Fakfak, Kabarsulsel-Indonesia.com | Pagi itu, embun masih enggan meninggalkan dedaunan ketika puluhan tenaga honorer berbondong-bondong menuju Gedung DPRD Fakfak. Langit yang biru bersaksi atas langkah kaki mereka—langkah yang sarat dengan harapan dan kepedihan.
Bukan sekali dua kali mereka menyuarakan kegelisahan, tetapi kali ini, mereka datang dengan tekad yang lebih besar.
Di tangan mereka, spanduk terbentang seperti bendera perjuangan. Tulisan yang tertera di atasnya bukan sekadar kata-kata, tetapi suara hati yang selama ini terpendam: “SEGERA!!! TERBITKAN PP PENGANGKATAN NON-ASN FORMASI 2021 DI KABUPATEN FAKFAK”.
Hari ini, mereka tak lagi meminta. Mereka menuntut.
Bukan Sekadar Bekerja, Tetapi Mengabdi
Imanuel Morha Ginuni berdiri di tengah kerumunan, tangannya erat menggenggam pengeras suara. Suaranya melayang di udara, menusuk dinding-dinding gedung DPRD, berharap bisa menembus hati para pemangku kebijakan.
“Kami ini bukan pencaker! Kami bukan pendatang baru yang ingin sekadar mencari pekerjaan. Kami sudah bertahun-tahun mengabdi, menanam benih keringat di tanah Fakfak, memberi cahaya bagi generasi, menghidupkan roda pelayanan publik. Jika ini bukan pengabdian, lalu apa?”

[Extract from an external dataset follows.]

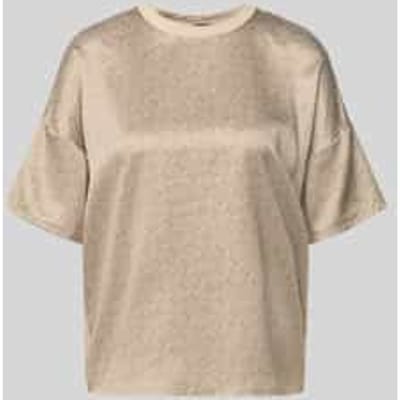 T-shirt van Mix van viscose en elastaan Model 'Tracy'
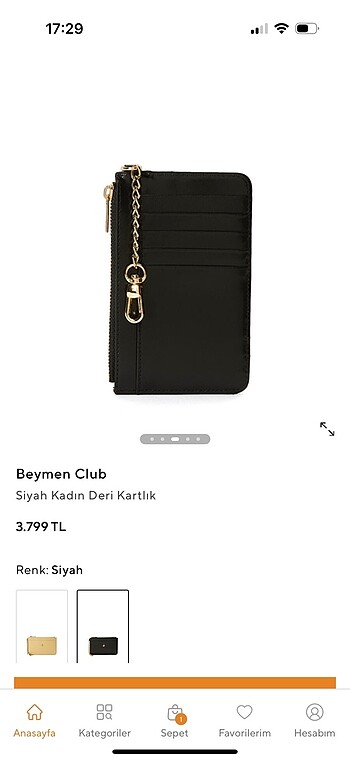 Beymen Beymen cüzdan, sıfır, hediye kutusunda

Matanya menyapu wajah-wajah yang berdiri di sekelilingnya. Ada seorang guru honorer yang telah mengajar di pelosok tanpa pernah bertanya kapan statusnya akan berubah.
Ada pegawai tata usaha yang telah menghabiskan separuh hidupnya di balik meja, memastikan administrasi berjalan rapi, meski gajinya tak sebanding dengan jerih payahnya.
Di antara mereka, ada yang sudah berusia senja, namun masih berdiri tegap. Mereka tidak meminta belas kasihan. Mereka hanya ingin keadilan.
DPRD dan Janji yang Harus Ditepati
Setelah sekian lama meneriakkan aspirasi, pintu gedung itu akhirnya terbuka. Sejumlah perwakilan dipersilakan masuk. Suasana di ruang audiensi terasa berat, seolah-olah udara pun ikut menahan napas, menanti jawaban.
Ronald Markus S. Rumbiak, Koordinator Aksi, berbicara dengan nada penuh keteguhan.
“Kami sudah terlalu lama menunggu. Kami sudah terlalu banyak mendengar alasan. Yang kami butuhkan sekarang hanya satu: kepastian.”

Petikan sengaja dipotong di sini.